Data shown below:

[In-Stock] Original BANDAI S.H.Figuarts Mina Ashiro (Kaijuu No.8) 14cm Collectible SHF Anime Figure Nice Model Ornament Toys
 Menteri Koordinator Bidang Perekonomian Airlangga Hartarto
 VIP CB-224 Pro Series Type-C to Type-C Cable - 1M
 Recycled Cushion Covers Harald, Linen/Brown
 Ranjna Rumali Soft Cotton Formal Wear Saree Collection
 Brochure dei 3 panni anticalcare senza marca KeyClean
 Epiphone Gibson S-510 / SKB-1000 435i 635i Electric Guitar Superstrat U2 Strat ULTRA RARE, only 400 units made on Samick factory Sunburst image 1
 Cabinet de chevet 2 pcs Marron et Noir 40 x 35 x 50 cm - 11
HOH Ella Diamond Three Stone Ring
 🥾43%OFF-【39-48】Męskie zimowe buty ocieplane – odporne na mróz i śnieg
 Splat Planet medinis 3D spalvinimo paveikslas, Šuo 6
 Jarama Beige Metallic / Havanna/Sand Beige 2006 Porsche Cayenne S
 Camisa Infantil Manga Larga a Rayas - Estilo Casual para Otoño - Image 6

End of Data shown.

:: What is needed ::
Copy out the data in full, exactly.

:: Task solution ::
[In-Stock] Original BANDAI S.H.Figuarts Mina Ashiro (Kaijuu No.8) 14cm Collectible SHF Anime Figure Nice Model Ornament Toys
 Menteri Koordinator Bidang Perekonomian Airlangga Hartarto
 VIP CB-224 Pro Series Type-C to Type-C Cable - 1M
 Recycled Cushion Covers Harald, Linen/Brown
 Ranjna Rumali Soft Cotton Formal Wear Saree Collection
 Brochure dei 3 panni anticalcare senza marca KeyClean
 Epiphone Gibson S-510 / SKB-1000 435i 635i Electric Guitar Superstrat U2 Strat ULTRA RARE, only 400 units made on Samick factory Sunburst image 1
 Cabinet de chevet 2 pcs Marron et Noir 40 x 35 x 50 cm - 11
HOH Ella Diamond Three Stone Ring
 🥾43%OFF-【39-48】Męskie zimowe buty ocieplane – odporne na mróz i śnieg
 Splat Planet medinis 3D spalvinimo paveikslas, Šuo 6
 Jarama Beige Metallic / Havanna/Sand Beige 2006 Porsche Cayenne S
 Camisa Infantil Manga Larga a Rayas - Estilo Casual para Otoño - Image 6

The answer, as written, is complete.